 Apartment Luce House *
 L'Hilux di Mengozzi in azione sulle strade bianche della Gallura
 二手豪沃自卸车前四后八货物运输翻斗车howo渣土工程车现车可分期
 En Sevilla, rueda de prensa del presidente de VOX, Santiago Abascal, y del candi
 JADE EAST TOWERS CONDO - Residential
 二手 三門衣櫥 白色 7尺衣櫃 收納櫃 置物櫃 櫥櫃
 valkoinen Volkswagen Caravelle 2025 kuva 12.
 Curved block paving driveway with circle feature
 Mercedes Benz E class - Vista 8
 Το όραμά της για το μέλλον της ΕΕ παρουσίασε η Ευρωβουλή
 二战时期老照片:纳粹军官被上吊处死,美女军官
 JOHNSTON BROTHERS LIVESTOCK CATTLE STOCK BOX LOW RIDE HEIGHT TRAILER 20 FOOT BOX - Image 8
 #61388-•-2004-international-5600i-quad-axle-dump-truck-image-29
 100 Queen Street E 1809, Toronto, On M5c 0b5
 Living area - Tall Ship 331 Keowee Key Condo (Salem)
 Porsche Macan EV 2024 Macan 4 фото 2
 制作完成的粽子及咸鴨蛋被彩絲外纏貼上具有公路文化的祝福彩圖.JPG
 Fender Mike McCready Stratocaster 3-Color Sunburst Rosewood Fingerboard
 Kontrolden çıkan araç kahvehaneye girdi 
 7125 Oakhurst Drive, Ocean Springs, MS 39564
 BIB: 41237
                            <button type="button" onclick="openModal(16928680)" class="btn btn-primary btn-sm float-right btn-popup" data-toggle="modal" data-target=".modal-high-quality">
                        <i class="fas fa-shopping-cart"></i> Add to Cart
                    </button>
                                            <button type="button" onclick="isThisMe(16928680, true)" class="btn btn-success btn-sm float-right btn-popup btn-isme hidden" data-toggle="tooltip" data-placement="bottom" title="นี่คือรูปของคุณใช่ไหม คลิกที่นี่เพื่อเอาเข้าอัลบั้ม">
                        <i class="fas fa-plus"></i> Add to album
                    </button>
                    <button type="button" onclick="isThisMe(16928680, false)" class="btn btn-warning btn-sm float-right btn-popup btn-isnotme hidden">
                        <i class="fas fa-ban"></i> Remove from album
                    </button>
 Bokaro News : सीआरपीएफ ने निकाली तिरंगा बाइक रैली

* * *

(Task prompt): In the listing above, the line with "btn-success btn-sm float-right" starts the part to copy. Copy it through the last line exactly, with nothing else.

(Solved exercise):
                                            <button type="button" onclick="isThisMe(16928680, true)" class="btn btn-success btn-sm float-right btn-popup btn-isme hidden" data-toggle="tooltip" data-placement="bottom" title="นี่คือรูปของคุณใช่ไหม คลิกที่นี่เพื่อเอาเข้าอัลบั้ม">
                        <i class="fas fa-plus"></i> Add to album
                    </button>
                    <button type="button" onclick="isThisMe(16928680, false)" class="btn btn-warning btn-sm float-right btn-popup btn-isnotme hidden">
                        <i class="fas fa-ban"></i> Remove from album
                    </button>
 Bokaro News : सीआरपीएफ ने निकाली तिरंगा बाइक रैली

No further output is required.